▸ **YOUR INSTRUCTIONS**: With the images removed, return every line below exactly as it reads.

▸ **MATERIAL PROVIDED**:

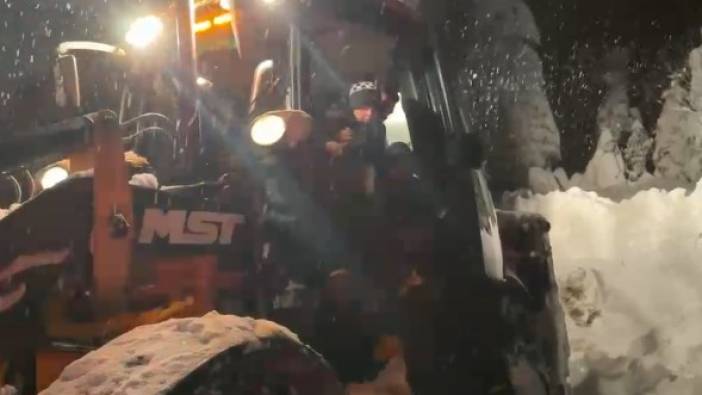 Yolu kapanan köyde hastalanan çocuk için seferber oldular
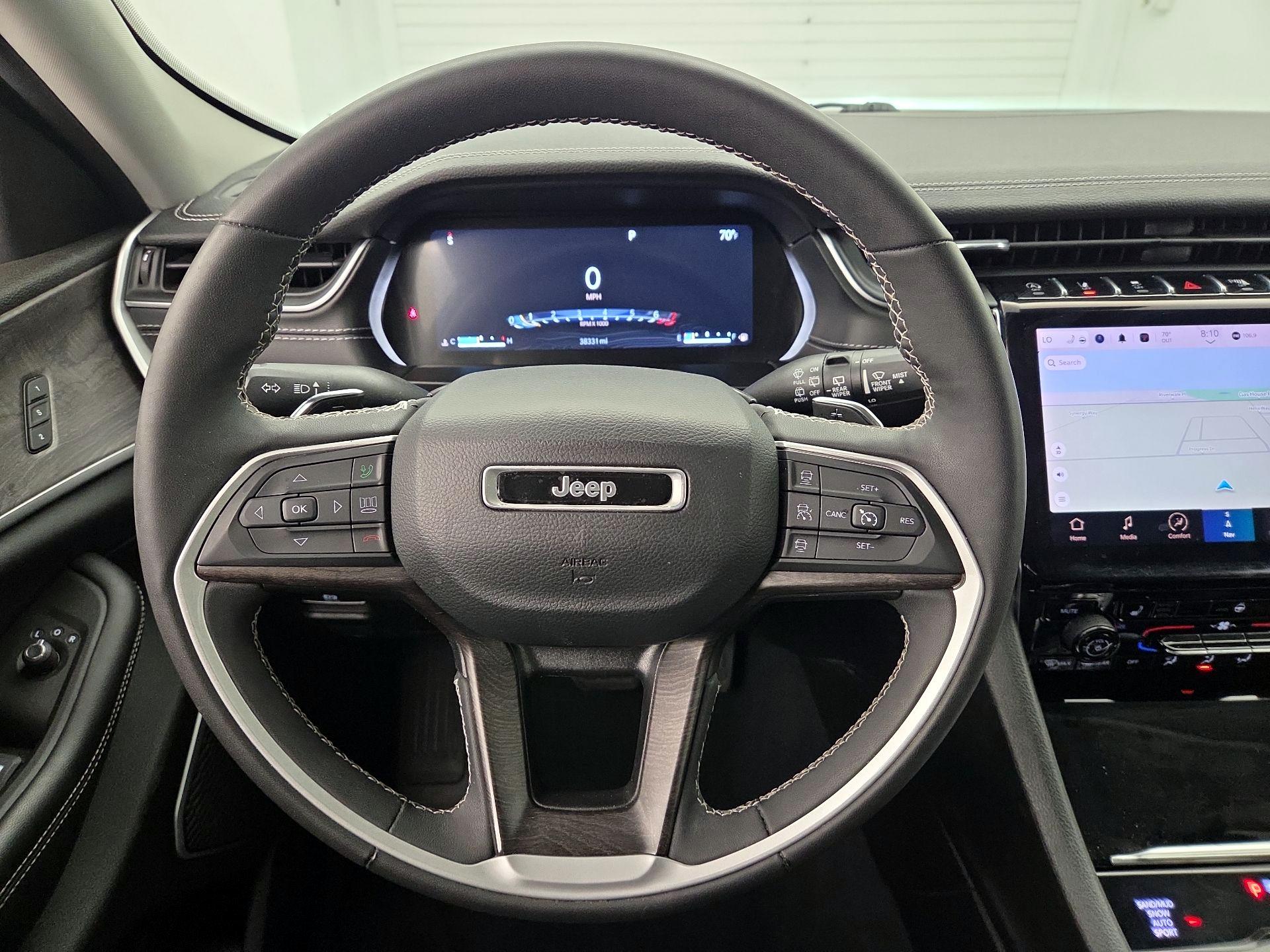 Thumbnail: 2023 Jeep Grand Cherokee - 10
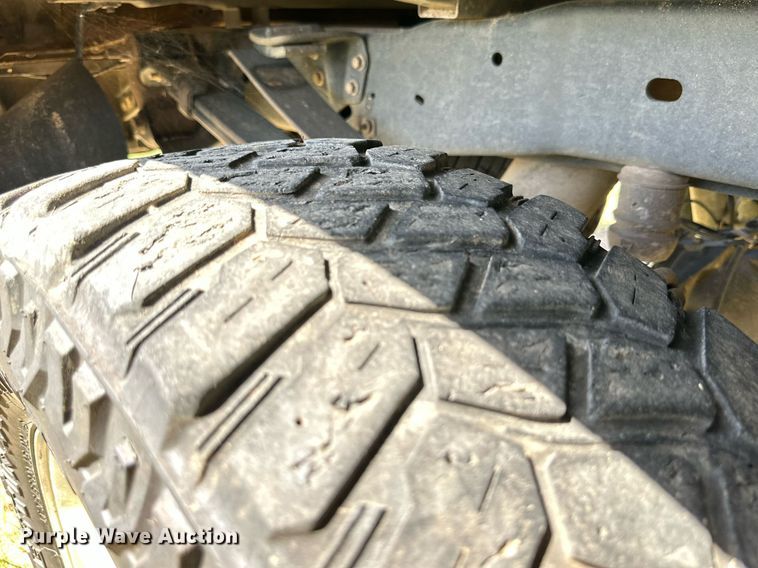 image for item DH8578 2013 Ford  F350 Super Duty  Crew Cab pickup truck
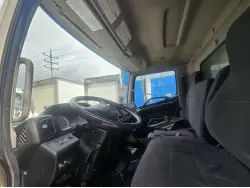 2013 HINO HINO 338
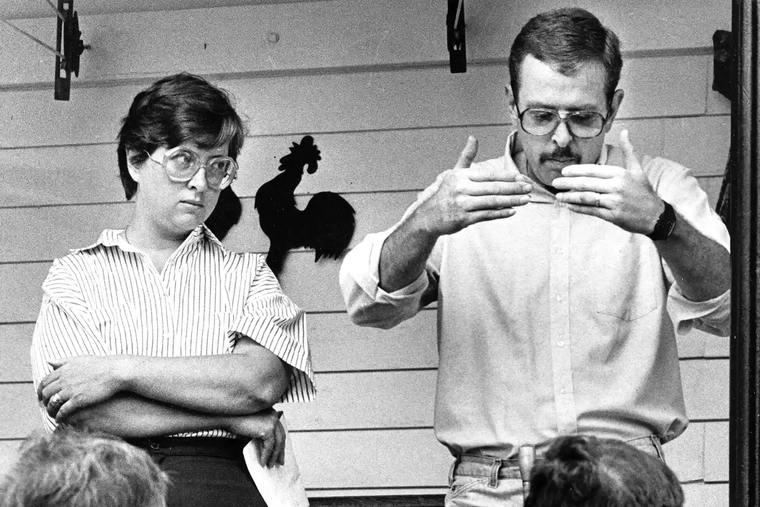 Los verdaderos Janet y Jack Smurl en el frente de su hogar en 1986. Los verdaderos Janet y Jack Smurl en el frente de su hogar en 1986. 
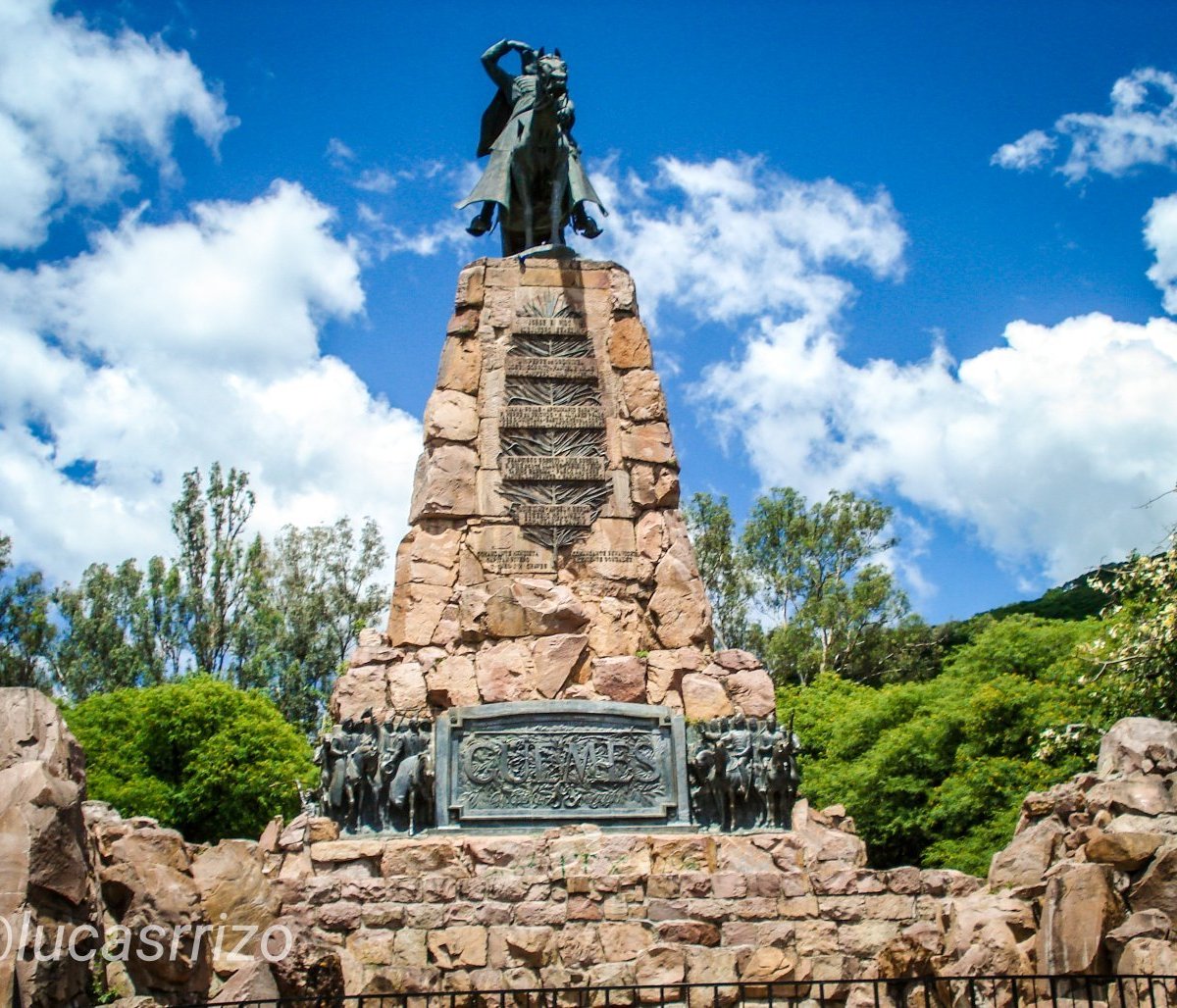 Jogo é suspenso por presença de estátua de general morto no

▸ **TASK OUTPUT**:
 Yolu kapanan köyde hastalanan çocuk için seferber oldular
 Thumbnail: 2023 Jeep Grand Cherokee - 10
 image for item DH8578 2013 Ford  F350 Super Duty  Crew Cab pickup truck
 2013 HINO HINO 338
 Los verdaderos Janet y Jack Smurl en el frente de su hogar en 1986. Los verdaderos Janet y Jack Smurl en el frente de su hogar en 1986. 
 Jogo é suspenso por presença de estátua de general morto no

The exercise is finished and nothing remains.